Task item: Pictures should be left out when the listing below is repeated word for word.
BEGIN
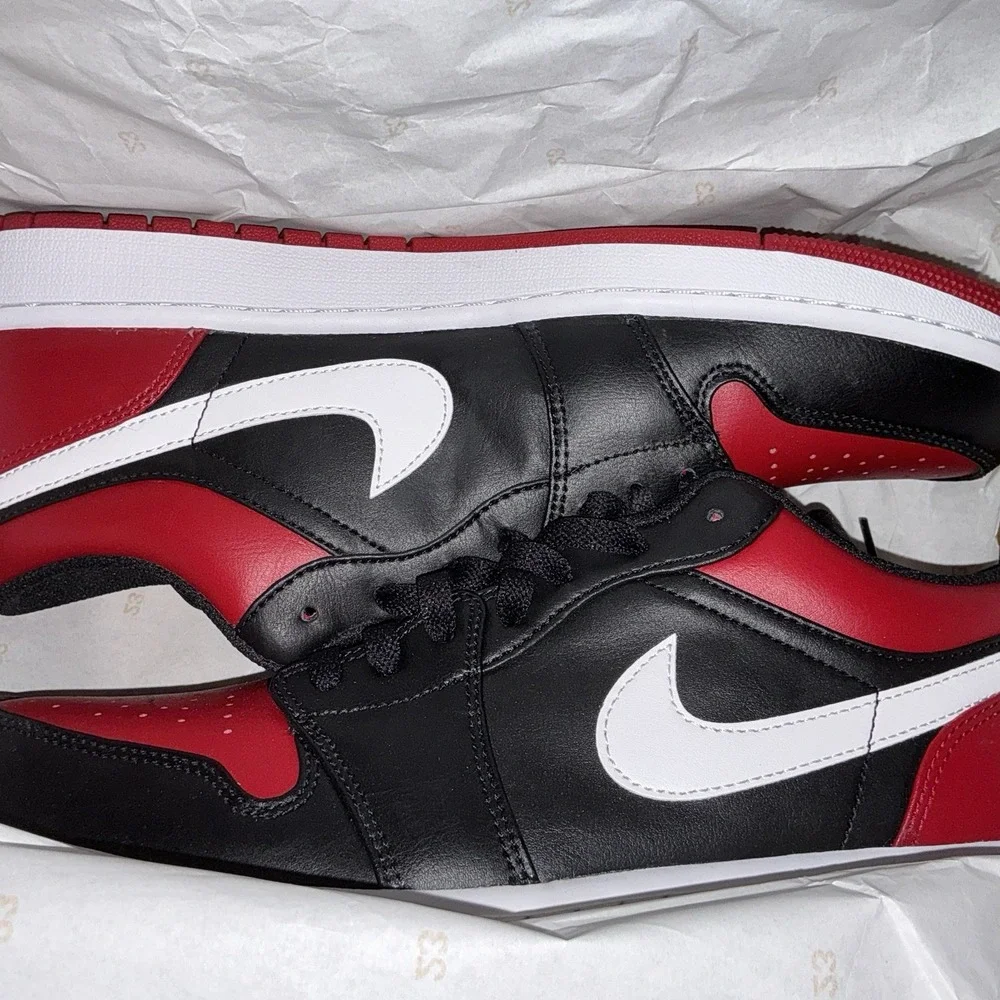 Jordan Men's Athletic Shoes Black Red White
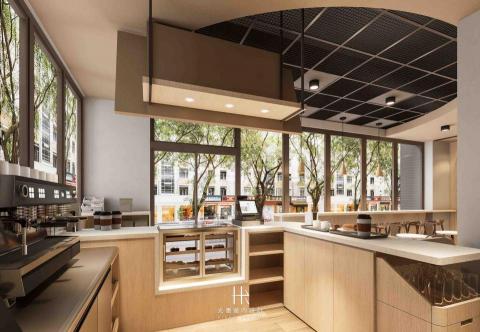 泓俊有限公司 - 咖啡廳吧台裝修照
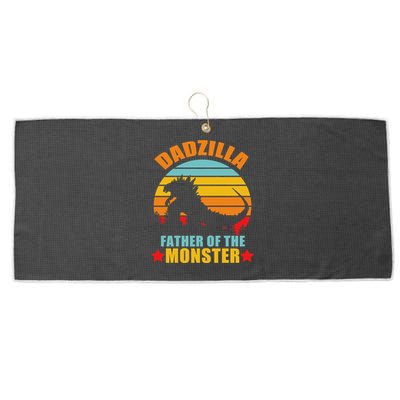 Dadzilla Father Of The Monsters Large Microfiber Waffle Golf Towel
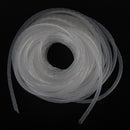 6mm 1/4" OD 33 Ft PE Desktop PC Manage Cord Spiral Cable Wire Tube Wrap Cle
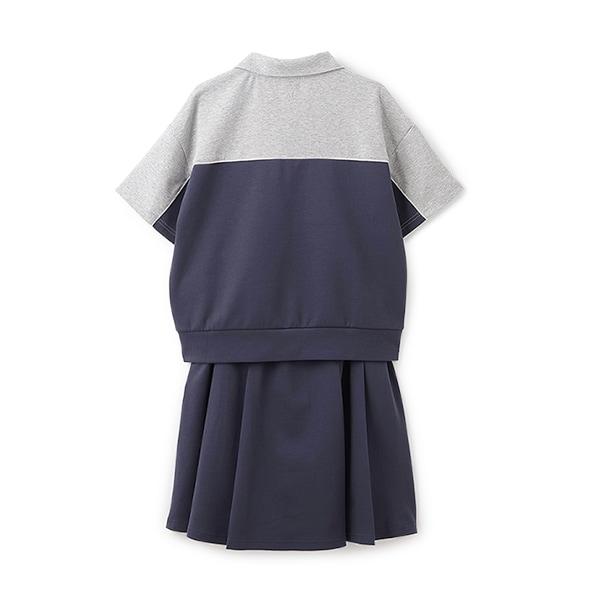 【AMI】拼色半拉鍊套裝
END
Exercise output:
 Jordan Men's Athletic Shoes Black Red White
 泓俊有限公司 - 咖啡廳吧台裝修照
 Dadzilla Father Of The Monsters Large Microfiber Waffle Golf Towel
 6mm 1/4" OD 33 Ft PE Desktop PC Manage Cord Spiral Cable Wire Tube Wrap Cle
 【AMI】拼色半拉鍊套裝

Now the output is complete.